Third, while Reade claims she made a harassment complaint against Biden, no other evidence of the complaint exists and Biden’s team denies receiving any complaint.
Fourth, in interviews last year, she seemed to exonerate Biden for alleged harassment, claiming problems with his staff:
In The Post interview last year, she laid more blame with Biden’s staff for “bullying” her than with Biden.
“This is what I want to emphasize: It’s not him. It’s the people around him who keep covering for him,” Reade said, adding later, “For instance, he should have known what was happening to me. . . . Looking back now, that’s my criticism. Maybe he could have been a little more in touch with his own staff.”
Finally, there seems to be no similar allegation against Biden. There are no claims of troubling patterns of behavior beyond the excessive touching and nuzzling that’s been on public display for decades.
Some of Biden’s defenders have zeroed in on her support for other candidates, but as my colleague Sarah Isgur pointed out in yesterday’s Advisory Opinions podcast (subscribe!), of course she’s not going to support the man she claims assaulted her.

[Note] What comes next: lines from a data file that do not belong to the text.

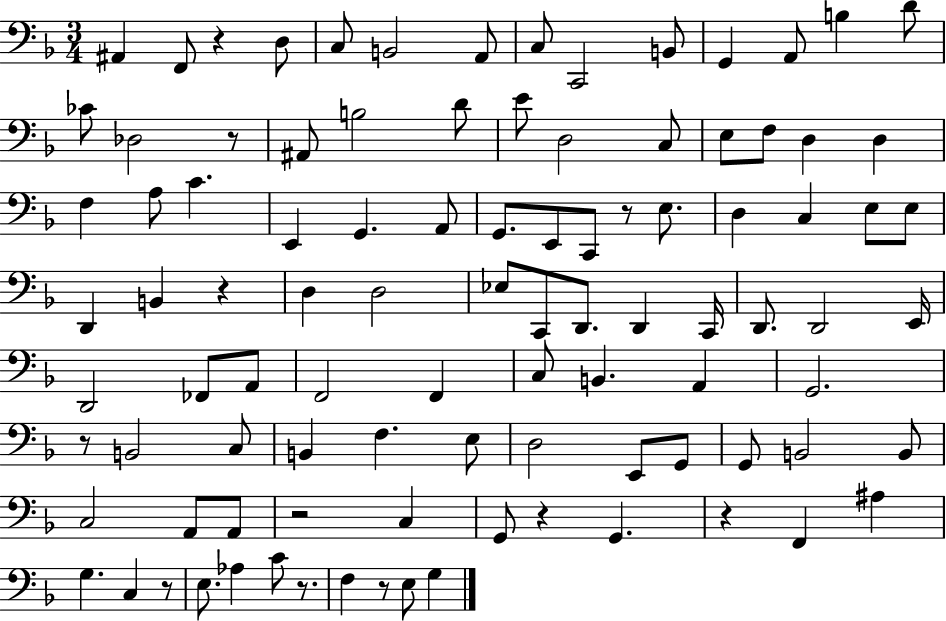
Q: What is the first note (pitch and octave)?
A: A#2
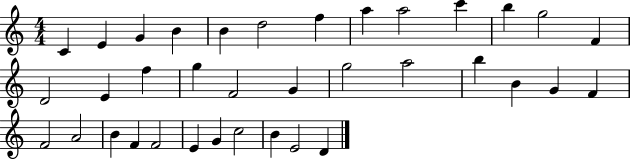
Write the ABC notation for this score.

X:1
T:Untitled
M:4/4
L:1/4
K:C
C E G B B d2 f a a2 c' b g2 F D2 E f g F2 G g2 a2 b B G F F2 A2 B F F2 E G c2 B E2 D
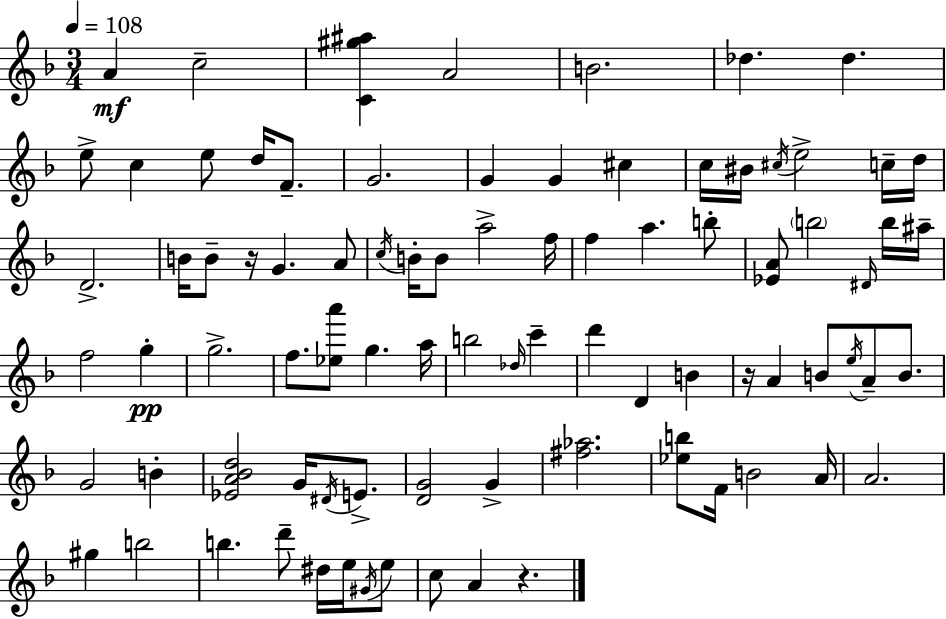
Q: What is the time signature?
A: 3/4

Biden’s defenders have also zeroed in on Reade’s rather effusive praise for Vladimir Putin (she once called him a “compassionate, caring, visionary leader”). I don’t find her regard for Putin all that relevant to her claims against Biden.

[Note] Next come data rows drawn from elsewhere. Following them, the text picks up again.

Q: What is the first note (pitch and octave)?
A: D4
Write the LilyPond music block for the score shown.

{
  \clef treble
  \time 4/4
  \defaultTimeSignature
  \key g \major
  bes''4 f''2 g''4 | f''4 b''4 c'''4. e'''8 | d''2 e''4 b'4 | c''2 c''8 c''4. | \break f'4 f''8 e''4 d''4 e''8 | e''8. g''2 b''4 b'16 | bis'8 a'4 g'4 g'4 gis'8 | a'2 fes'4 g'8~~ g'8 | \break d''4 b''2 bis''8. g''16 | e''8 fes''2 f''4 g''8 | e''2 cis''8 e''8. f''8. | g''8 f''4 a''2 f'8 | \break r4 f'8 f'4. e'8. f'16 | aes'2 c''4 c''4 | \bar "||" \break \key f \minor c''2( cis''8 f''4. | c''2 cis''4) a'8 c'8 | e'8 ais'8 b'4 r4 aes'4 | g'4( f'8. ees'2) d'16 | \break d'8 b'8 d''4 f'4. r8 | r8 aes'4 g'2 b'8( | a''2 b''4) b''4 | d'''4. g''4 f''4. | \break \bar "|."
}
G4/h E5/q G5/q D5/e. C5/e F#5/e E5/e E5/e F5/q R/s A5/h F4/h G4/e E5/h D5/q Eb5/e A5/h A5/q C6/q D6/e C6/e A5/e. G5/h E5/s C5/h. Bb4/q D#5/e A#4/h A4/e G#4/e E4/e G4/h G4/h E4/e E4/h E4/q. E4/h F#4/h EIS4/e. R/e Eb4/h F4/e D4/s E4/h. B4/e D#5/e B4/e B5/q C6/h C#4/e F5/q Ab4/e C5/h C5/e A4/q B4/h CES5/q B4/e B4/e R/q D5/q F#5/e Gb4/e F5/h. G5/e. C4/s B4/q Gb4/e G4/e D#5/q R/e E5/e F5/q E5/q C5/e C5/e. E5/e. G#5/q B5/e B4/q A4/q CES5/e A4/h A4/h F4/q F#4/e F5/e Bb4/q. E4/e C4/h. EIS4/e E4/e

At the end of the day, however, we’re left with a 27-year-old claim with a single anonymous corroboration that’s inconsistent with the claimant’s own previous accounts and is (so far) unsupported by any other claim of similar behavior. I’m troubled but unconvinced. Based on the current state of the evidence, I don’t think it’s likely that Biden assaulted Reade.
I am convinced, however, that large segments of the media are guilty of a shocking double standard. The care they took to deliberately report out Reade’s claims stands in stark contrast to the behavior of some of these same outlets during the Kavanaugh confirmation battle.
Let’s be precise—I do not have a problem with the Post’sinitial report on Christine Blasey Ford’s claims. She had contacted the paper months before, and when you read the report, it clearly shows that the Post did considerable homework. In my first evaluation of the claims, I wrote that the age of the claims, the lack of any pattern of behavior, the lack of corroboration, and the contradictory evidence in her therapists’ notes made her claims “serious but not solid.”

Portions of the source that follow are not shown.